Since we have a small staff we sometime choose to focus our efforts on particular constituencies. When we focus on a particular group (i.e. alumni, parents of alumni) we usually see our best growth in that constituency.
We are continuing to work on providing events and other opportunities that draw different alumni back (i.e. Young Alumni, Professionals in a particular city, etc.).
Our Board of Visitors is an adjunct board comprised of a cross-section of our constituents. Their ambassadorial role has kept them connected to our School, that in turn has made them generous supporters of our annual fund and campaign efforts, in addition to spreading the word about our admissions efforts.
In terms of alumni and parent engagement in independent schools, what are the major trends you identify over the next three to five years related to raising philanthropic support?
GL: I believe, as do most of my colleagues in the field, that stewardship of the donors is the key to keeping them in the fold. Most day schools are heavily reliant on parent support – here it is 80% both for annual and capital gifts. A major trend / point of concern for us is the local economy – Rhode Island faces many challenges and it is affecting our parents’ ability to give at significant levels. We have been successful at raising capital gifts for scholarship endowment and thus the percentage of students on financial aid has gone from 15% to 20% in the past two years. The upside is we are getting outstanding students; the downside is our parent pool is less wealthy.
I don’t know if it is a trend but it is imperative for us to engage and increase the level of support from our alumni. It has been a self-fulfilling prophecy that the support will come from the parents so that has been where our efforts have been focused. Lastly we will be making a greater effort to develop our bequest program. We were a girls’ school until the 1970’s. Looking at trends at women’s colleges, where some are seeing as much as 40% of their alumnae commitments in the form of bequests, we think there are opportunities here for us as well. The health of our school will rely on our ability to increase the endowment – which is the focus of our emerging campaign.
SR: I see the trend as going to more designated gifts for causes that they specifically want their dollars to support (i.e. scholarship, sustainability, etc.).

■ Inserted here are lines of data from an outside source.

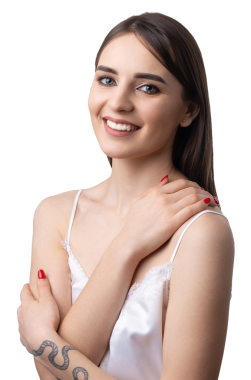 Temiz ciltli, doğal makyajlı ve gri arka planda beyaz dişli güzel bir kadın.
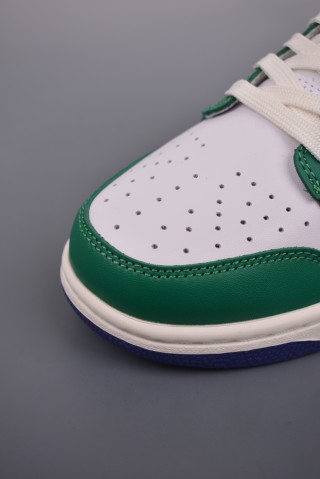 Nike SB Dunk Low view 6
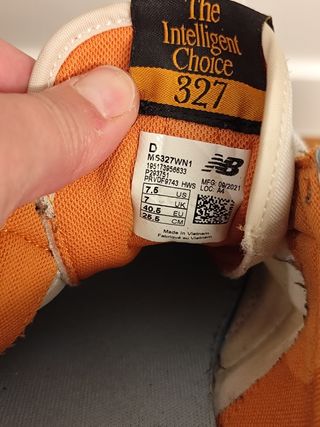 New Balance 327 unisex beige/orange.

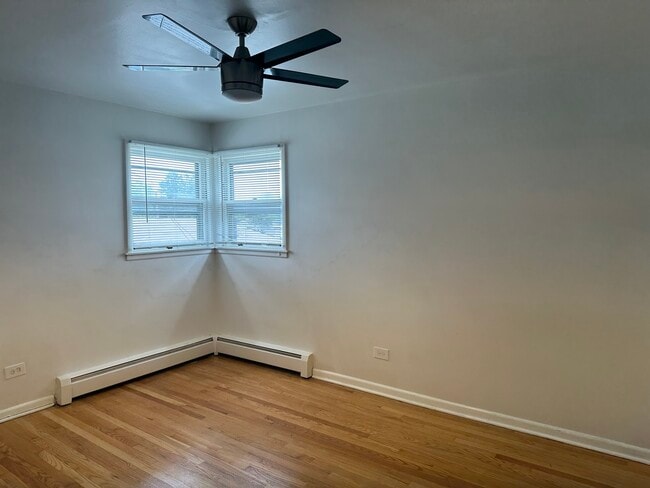 Building Photo - 7400 N Harlem Ave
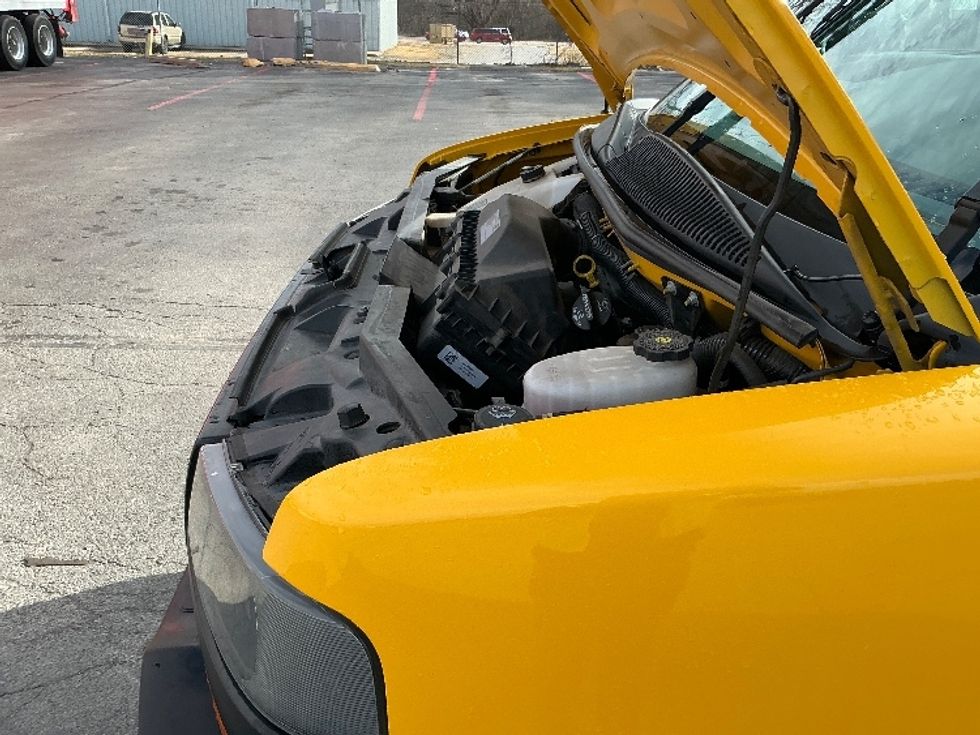 Light Duty Box Truck-Light and Medium Duty Trucks-GMC-2021-Savana G33503-Tulsa-OK-113,544\n\t\tmiles-$ 24,750 - Image 24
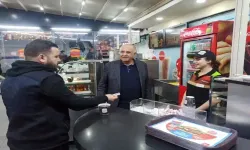 Zahir Kandaşoğlu Van’da Taşlanan İşletmeyi Ziyaret Etti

Another trend we are seeing is that the traditional methods of contact (phone, direct mail) are not as effective as they once were.
For your school, what strategies might you employ to address these trends? What trends are you witnessing in your annual fund/major gift program?
GL: I would suggest the same as my earlier answer.
SR: We are introducing an alumni e-newsletter.
We see social media as an important strategy to addressing these trends. Our web site is also more important both for information and for making online gifts. This fall we will be using PURL (personalized URL) in an effort to better reach our alumni to collect updated contact information. We will also include a survey designed to learn more about what the alumni want in terms of communications, programming, preferred means of contact and events. I can design programs and events, but knowing what the expectations are of the alumni and finding out what is important to them will impact the effectiveness of our programs.
What might be some “lessons learned” in your advancement work with alumni and parent leaders?
GL: Keep things simple – no more than three things you want them to do/accomplish each year. You only have good alumni volunteers for a short period of time. It is almost impossible to find a class secretary who is willing (and effective) to hold this position for life. Instead we work hard on recruiting a select number of volunteers to help with their reunion planning and hope they stay on for another year or two – for a three year commitment.
SR: I think the most valuable lesson is how important relationships are when it comes to philanthropic support. We do a good job of keeping our current parents and students engaged, and the more we have reached out to keep our alumni and parents of alumni engaged and connected, the more positive impact it has had on our giving.